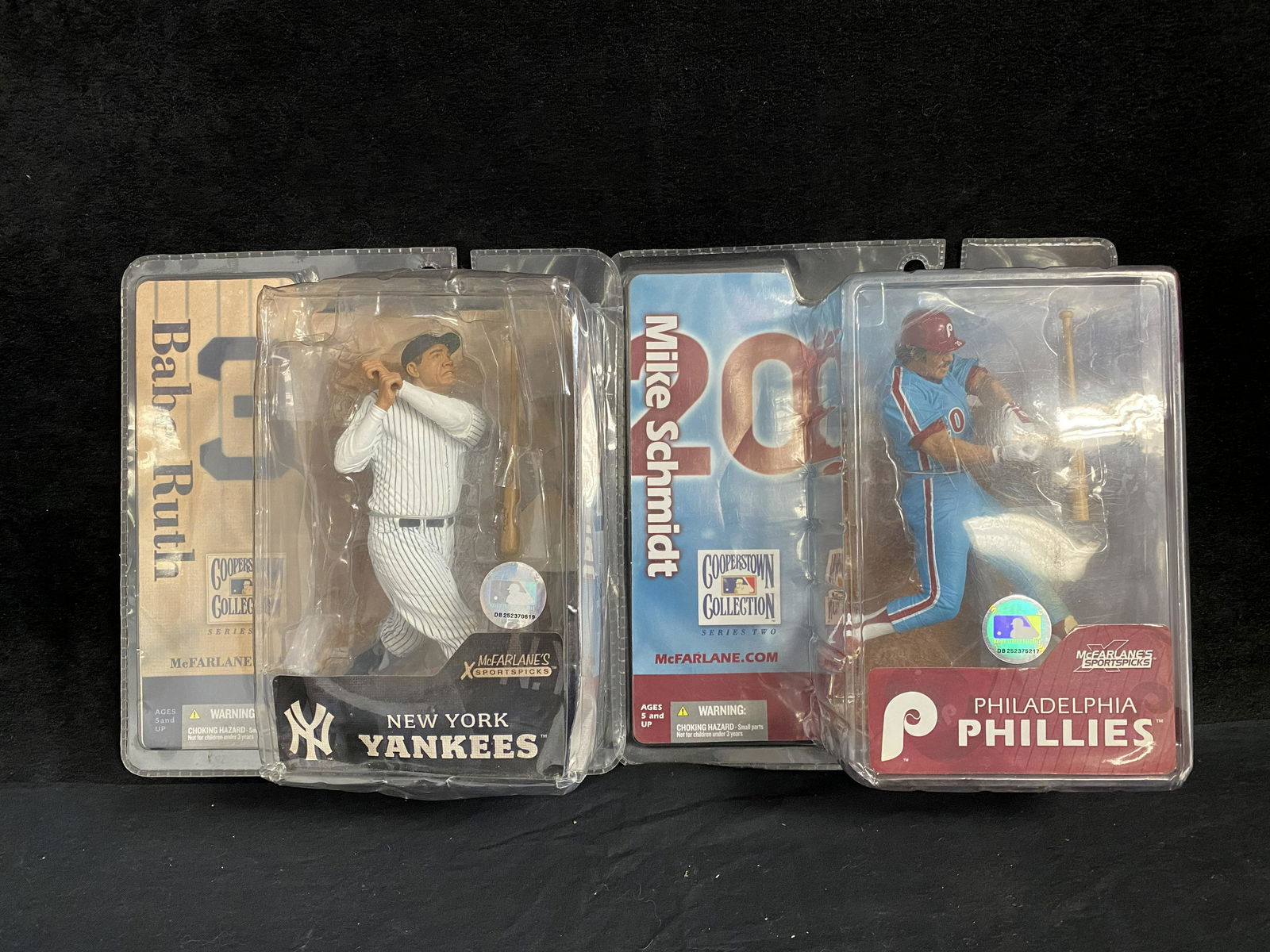 McFARLANE TOYS BASEBALL FIGURES LOT (1 of 1)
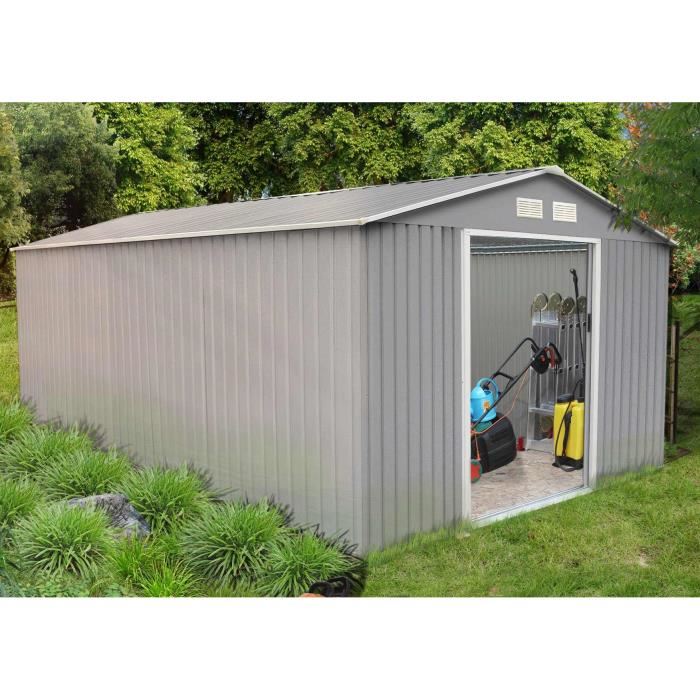 Abris de jardin xxl
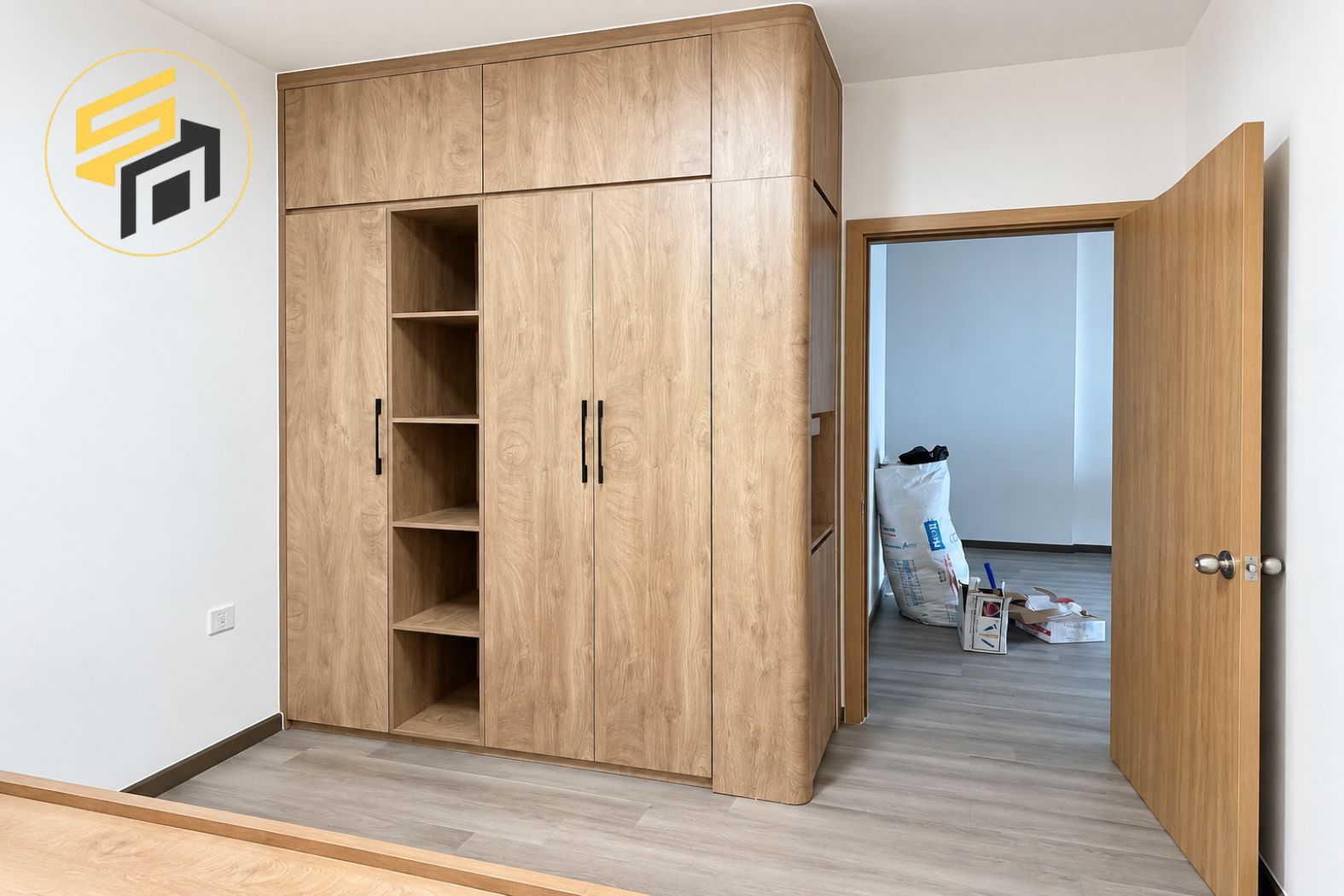 Hoàn Thiện Nội Thất Căn Hộ Chung Cư Phú Cường Home - Anh Văn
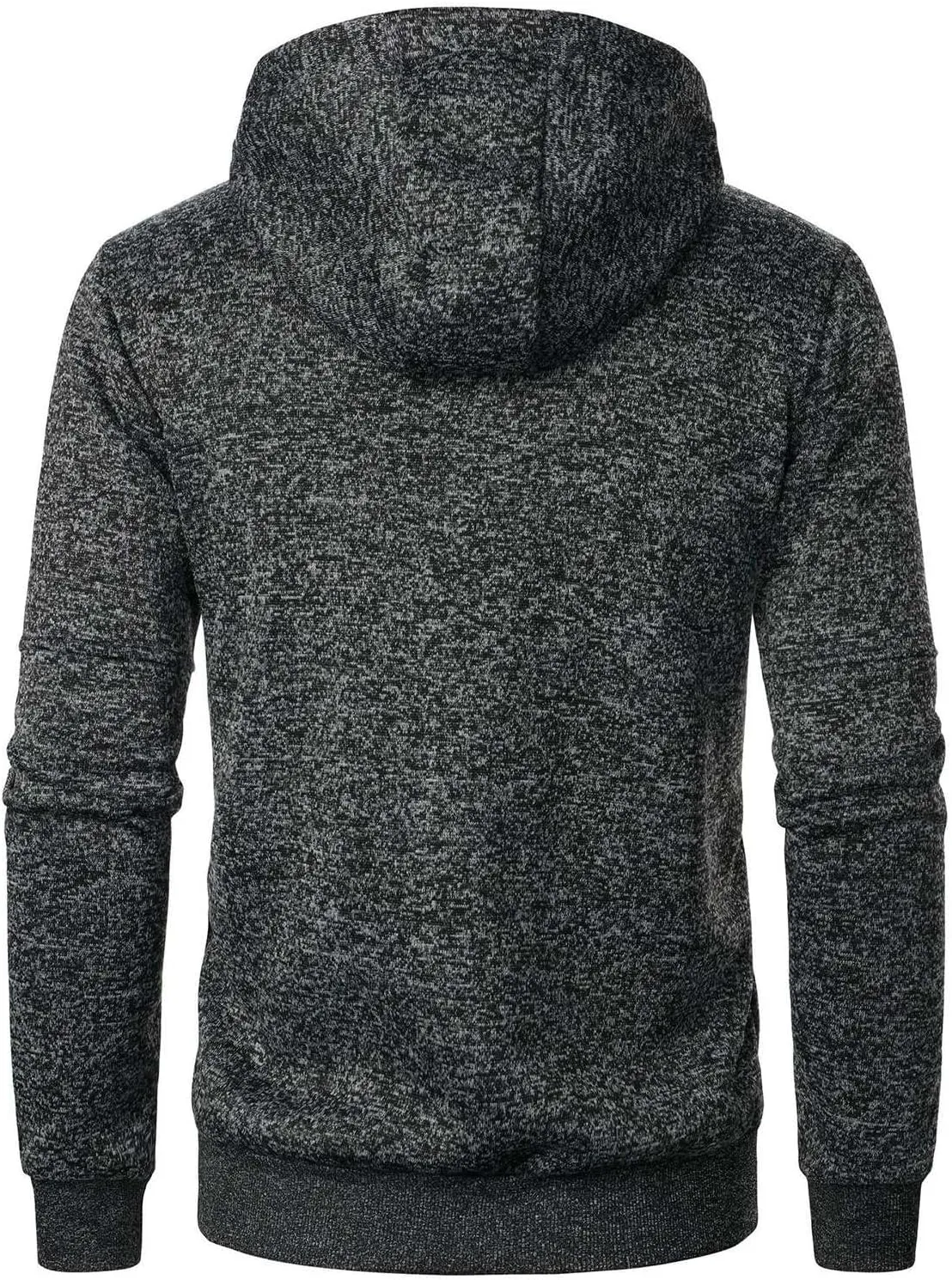 RTTUIOP Men'S Fashion Hoodies & Sweatshirts Warm Winter Jackets Zip Up Long Sleeve Casual Plain Lightweight Work Jackets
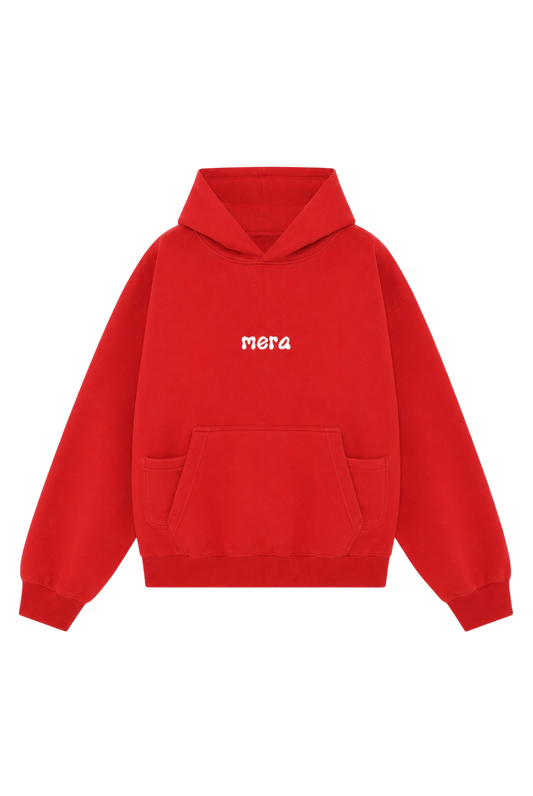Basics Red Hoodie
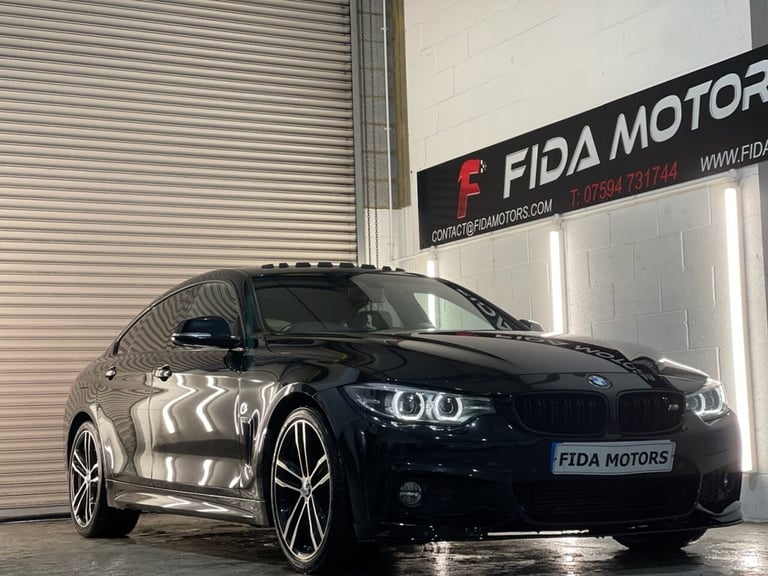 2018 BMW 4 Series Gran Coupe 2.0 420d M Sport Hatchback 5dr Diesel Auto Euro 6 (s/s) (190 ps) Hat...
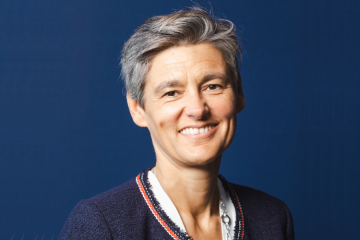 Valérie Brisac, nouvelle directrice générale de la CEM. Crédit : Christophe Levet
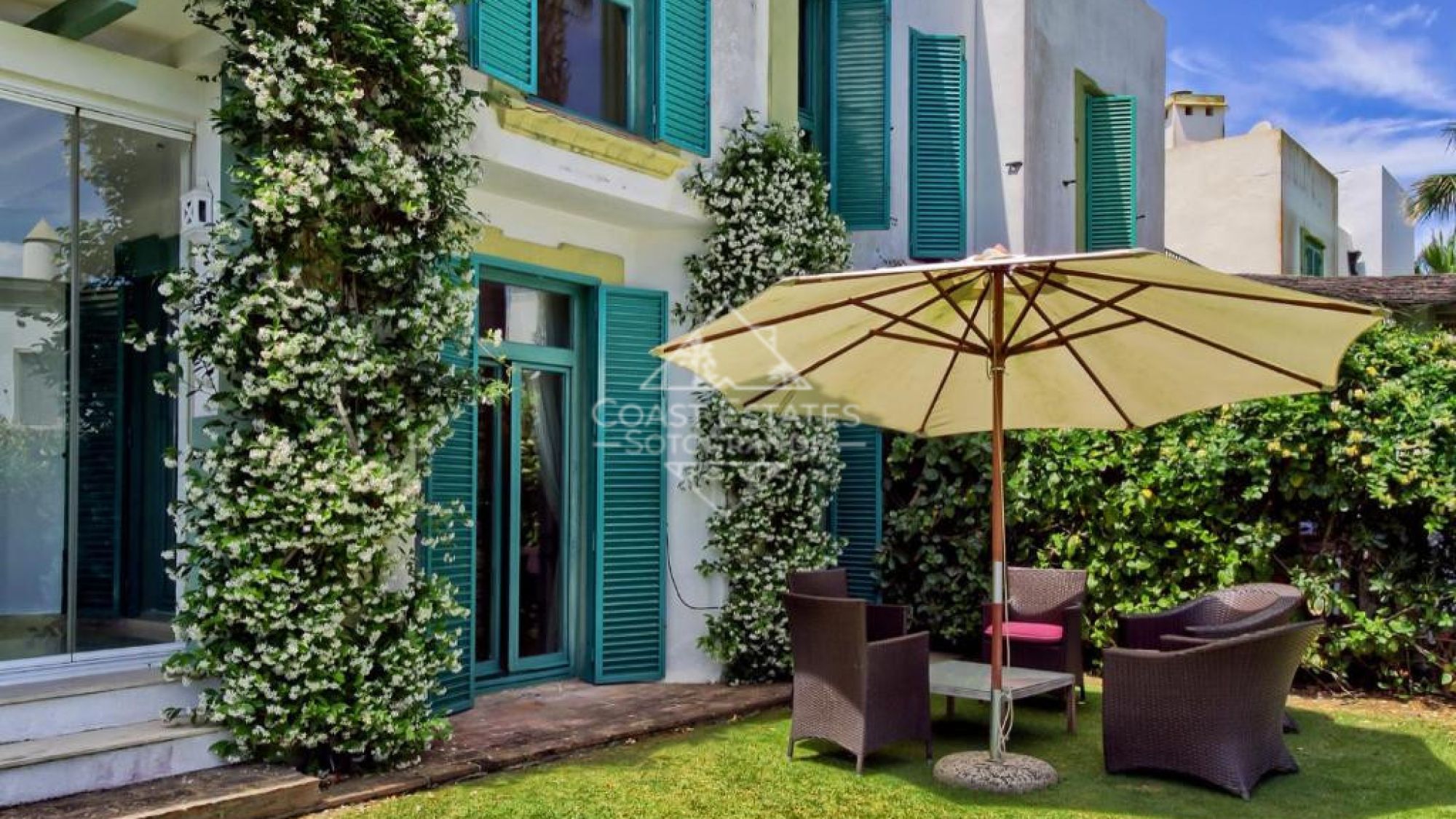 Spacious townhouse in Ribera del Emperador available for short term rent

▶ Task prompt
Everything in the data above gets copied exactly. Only the pictures are skipped.

▶ Your response
 McFARLANE TOYS BASEBALL FIGURES LOT (1 of 1)
 Abris de jardin xxl
 Hoàn Thiện Nội Thất Căn Hộ Chung Cư Phú Cường Home - Anh Văn
 RTTUIOP Men'S Fashion Hoodies & Sweatshirts Warm Winter Jackets Zip Up Long Sleeve Casual Plain Lightweight Work Jackets
Basics Red Hoodie
 2018 BMW 4 Series Gran Coupe 2.0 420d M Sport Hatchback 5dr Diesel Auto Euro 6 (s/s) (190 ps) Hat...
 Valérie Brisac, nouvelle directrice générale de la CEM. Crédit : Christophe Levet
 Spacious townhouse in Ribera del Emperador available for short term rent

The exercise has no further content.